The National Academies of Sciences, Engineering, and Medicine, on September 1, released draft guidelines to help policymakers plan for equitable allocation of a COVID-19 vaccine. The committee that drafted the guidelines was formed at the request of the National Institutes of Health and Centers for Disease Control and Prevention.
The committee recommends a four-phased approach for the initial period when vaccine demand will exceed the supply.

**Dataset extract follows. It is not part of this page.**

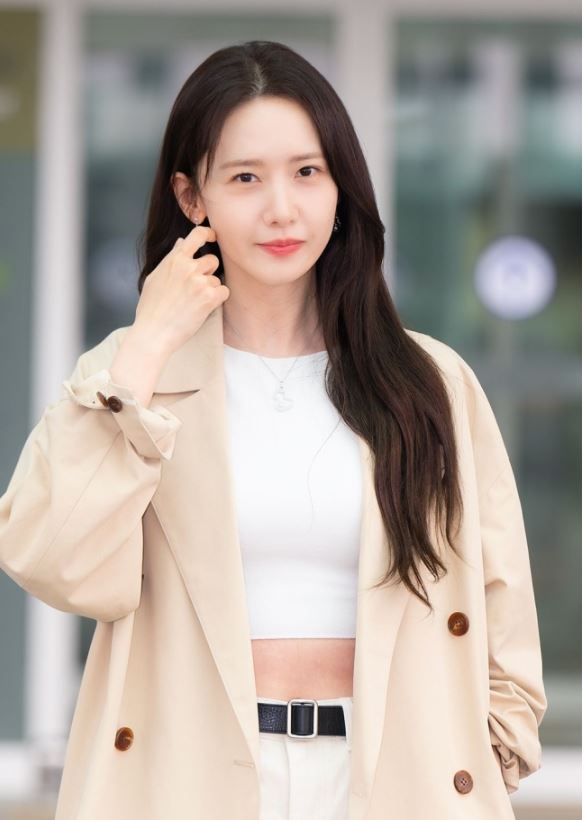 윤아 나이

- The first phase includes frontline healthcare workers and first responders, along with those with underlying health conditions and older adults in nursing homes, assisted living, multi-generational homes, and other dense residential settings.
- The second phase includes essential workers at substantially high risk of exposure, such as teachers and school staff; people in jails, prisons, and homeless shelters; people with moderate-risk conditions; and older adults not included in the first phase.
- The third phase includes young adults and children, as well as workers at increased risk of exposure not included in the previous phases, such as service industry workers and those who work in banks, libraries, hair and nail salons, and exercise facilities.
- The fourth phase includes everyone who did not receive the vaccine in the previous phases.
The committee also recommends that Medicare and Medicaid require free vaccine administration; providers should not charge private plans or consumers; and private insurers and employers should not charge co-pays or deductibles for vaccine administration.
Comments on the draft guidelines will be accepted until 11:59 pm EDT September 4.